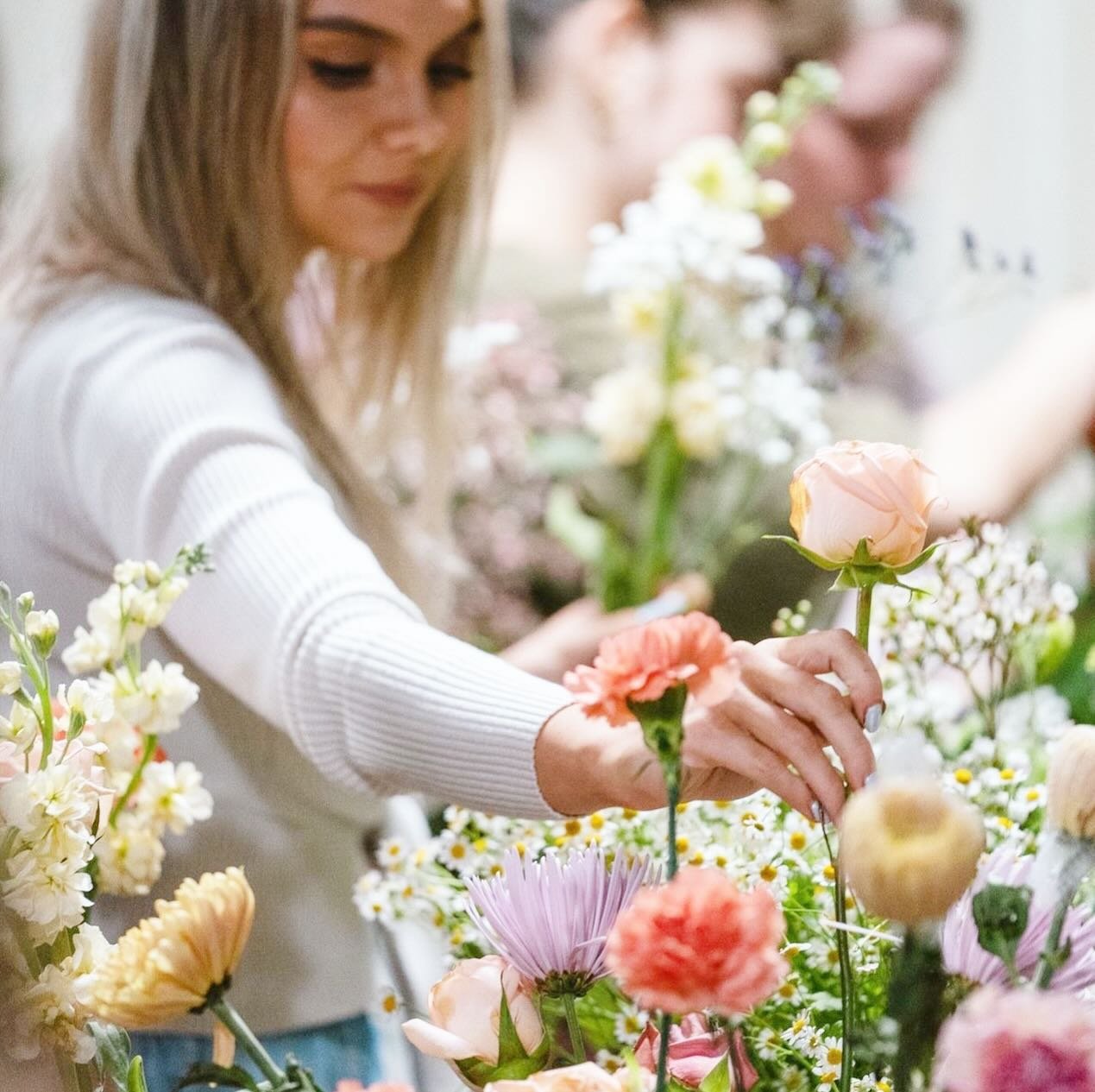 🌷 JG Bouquet Bar 🌷

This past February I had the joy of hosting a bouquet making night for the wonderful ladies of @txbaptcollege ! 
Such a beautiful event organized by the amazing @katelynwestcanady 

About the Bouquet Bar experience ✨
From intima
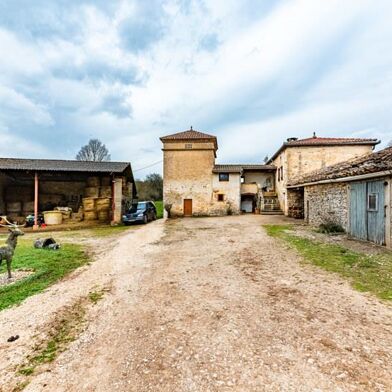 Maison 5 pièces 349000 €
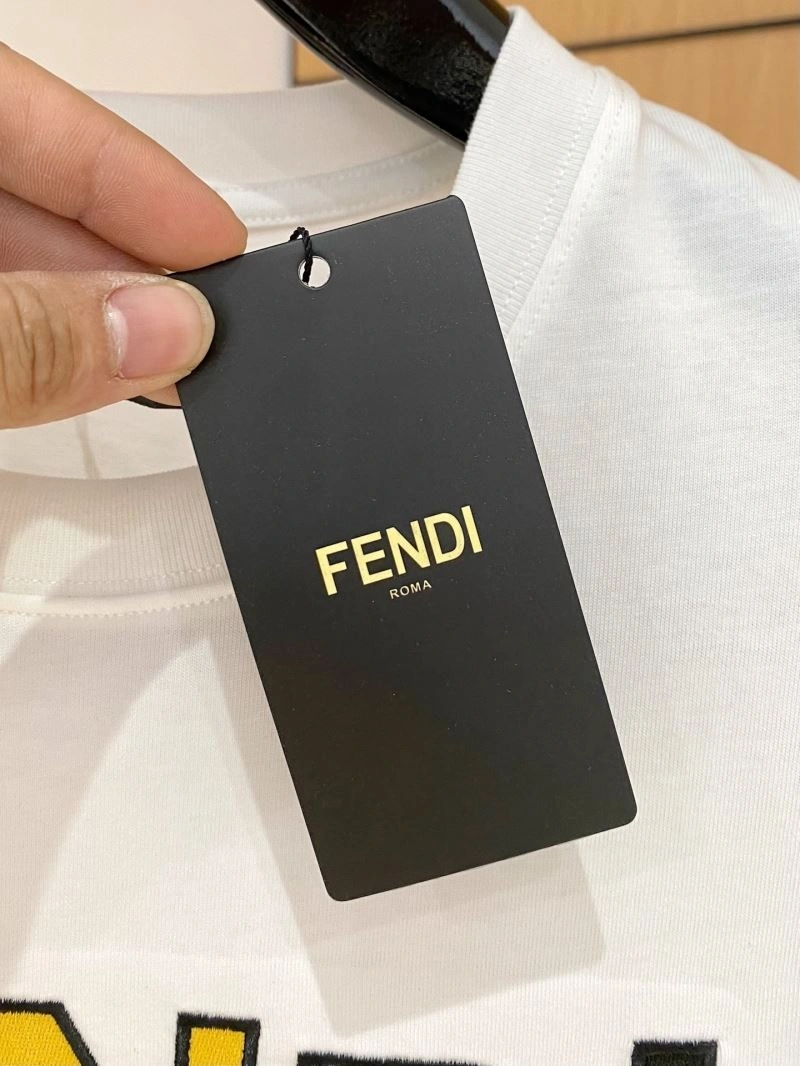 Fendi T-Shirts Practical 122524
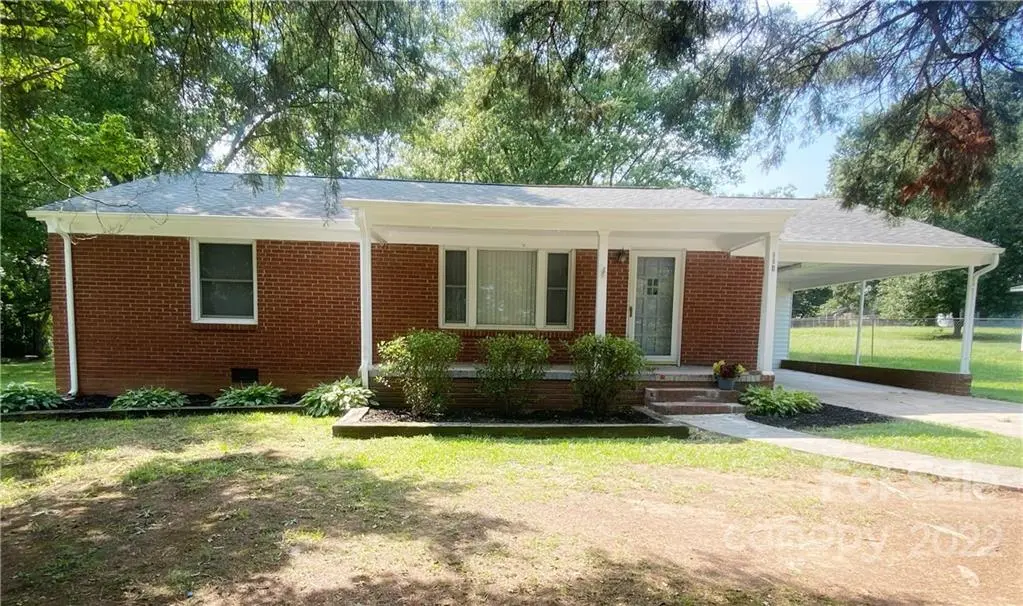 114 Wind RD, Norwood, NC 28128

TASK -> Produce a verbatim copy of the listing, leaving out all pictures.

SOLVED PROBLEM ->
 🌷 JG Bouquet Bar 🌷

This past February I had the joy of hosting a bouquet making night for the wonderful ladies of @txbaptcollege ! 
Such a beautiful event organized by the amazing @katelynwestcanady 

About the Bouquet Bar experience ✨
From intima
 Maison 5 pièces 349000 €
 Fendi T-Shirts Practical 122524
 114 Wind RD, Norwood, NC 28128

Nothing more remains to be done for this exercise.